Pada 20 November 2006 Presiden Amerika Serikat George W. Bush melangsungkan kunjungan kenegaraan ke Istana Bogor dan bertemu dengan Presiden Susilo Bambang Yudhoyono. Kunjungan singkat ini berlangsung selama enam jam.

Bangunan dan ruangan di Istana Bogor

Sebelumnya Istana Bogor dilengkapi dengan sebuah kebun besar, yang dikenal sebagai Kebun Raya Bogor namun sesuai dengan kebutuhan akan pusat pengembangan ilmu pengetahuan akan tanaman tropis, Kebun Raya Bogor dilepas dari naungan istana pada tahun 1817.
Istana Bogor mempunyai bangunan induk dengan sayap kiri serta kanan. Keseluruhan kompleks istana mencapai luas 1,5 hektar.
Bangunan induk Istana Bogor terdiri dari:
  • Bangunan induk istana berfungsi untuk menyelenggarakan acara kenegaraan resmi, pertemuan, dan upacara.
  • Sayap kiri bangunan yang memiliki enam kamar tidur digunakan untuk menjamu tamu negara asing.
  • Sayap kanan bangunan dengan empat kamar tidur hanya diperuntukan bagi kepala negara yang datang berkunjung.
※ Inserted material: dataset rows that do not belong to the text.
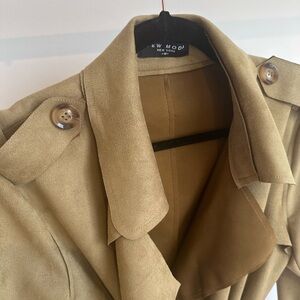 Women's Tan Jacket
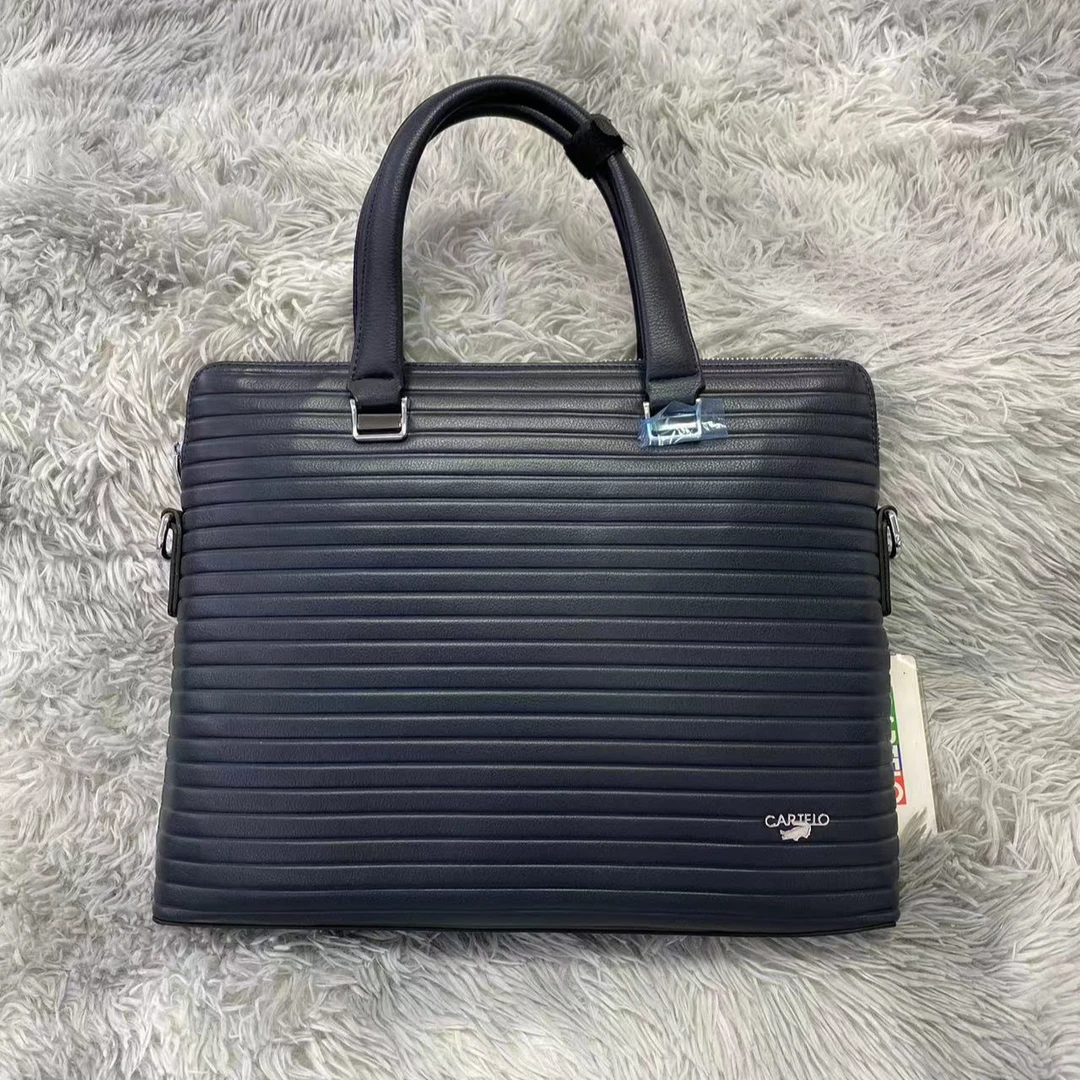 鳄家纳帕牛皮加纤维蓝色男士公文包竖版休闲百搭高品质经典商务包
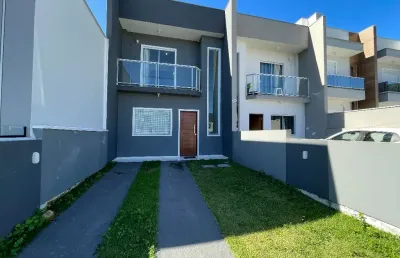Lindo sobrado com 2 suítes, varanda, em uma localização com muito verde e fácil acesso.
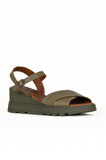 Bueno Shoes Haki Deri Kadın Dolgu Topuklu Sandalet 01we5201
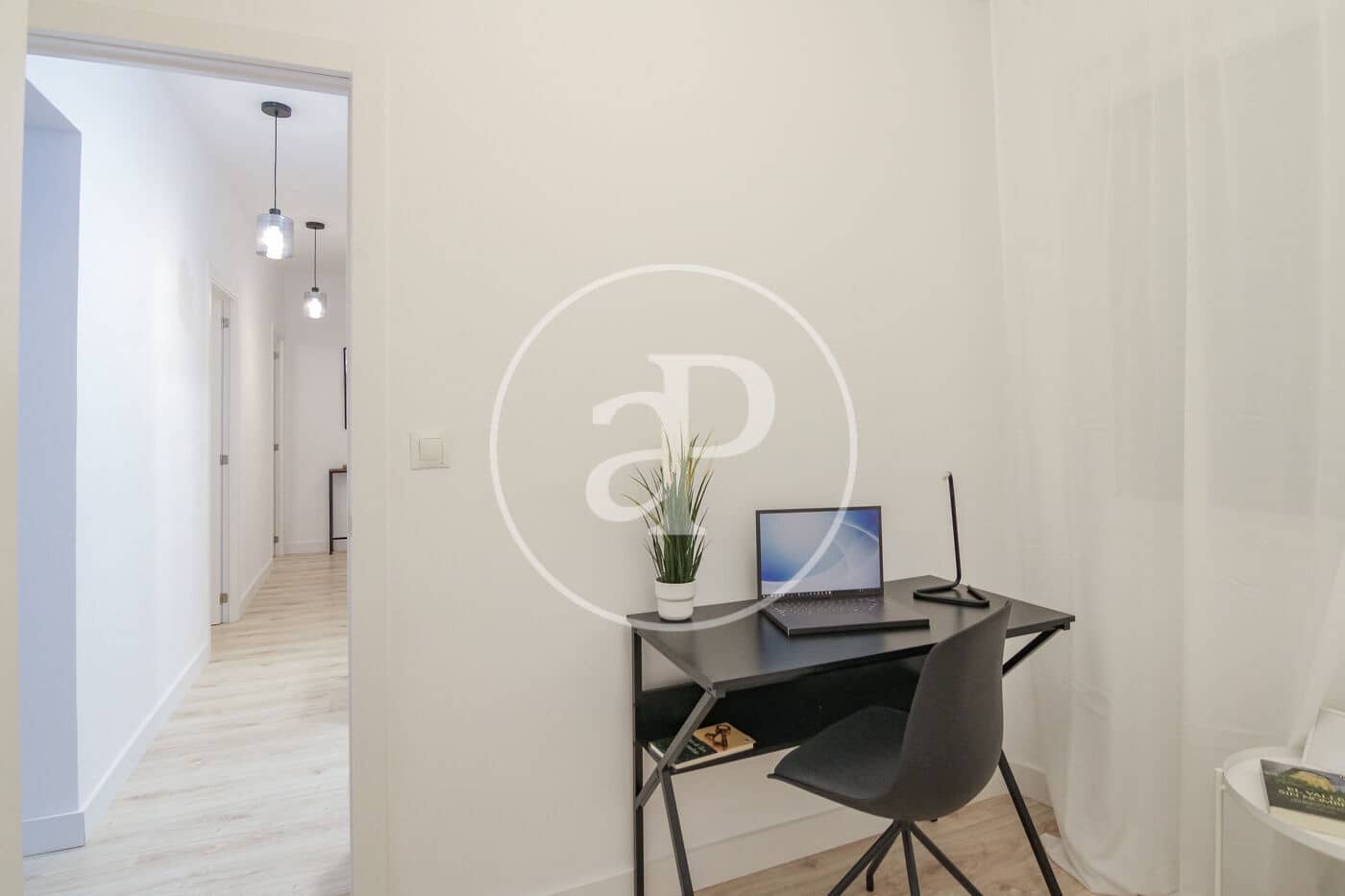 3 soveværelse Lejlighed til leje i Madrid by - € 2.400 (Ref: 9171758)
  • Pada tahun 1964 dibangun khusus bangunan yang dikenal dengan nama Dyah Bayurini sebagai ruang peristirahatan presiden dan keluarganya, bangunan ini termasuk lima paviliun terpisah.
  • Kantor pribadi Kepala Negara
  • Perpustakaan
  • Ruang makan
  • Ruang sidang menteri-menteri dan ruang pemutaran film
  • Ruang Garuda sebagai tempat upacara resmi
  • Ruang teratai sebagai sayap tempat penerimaan tamu-tamu negara.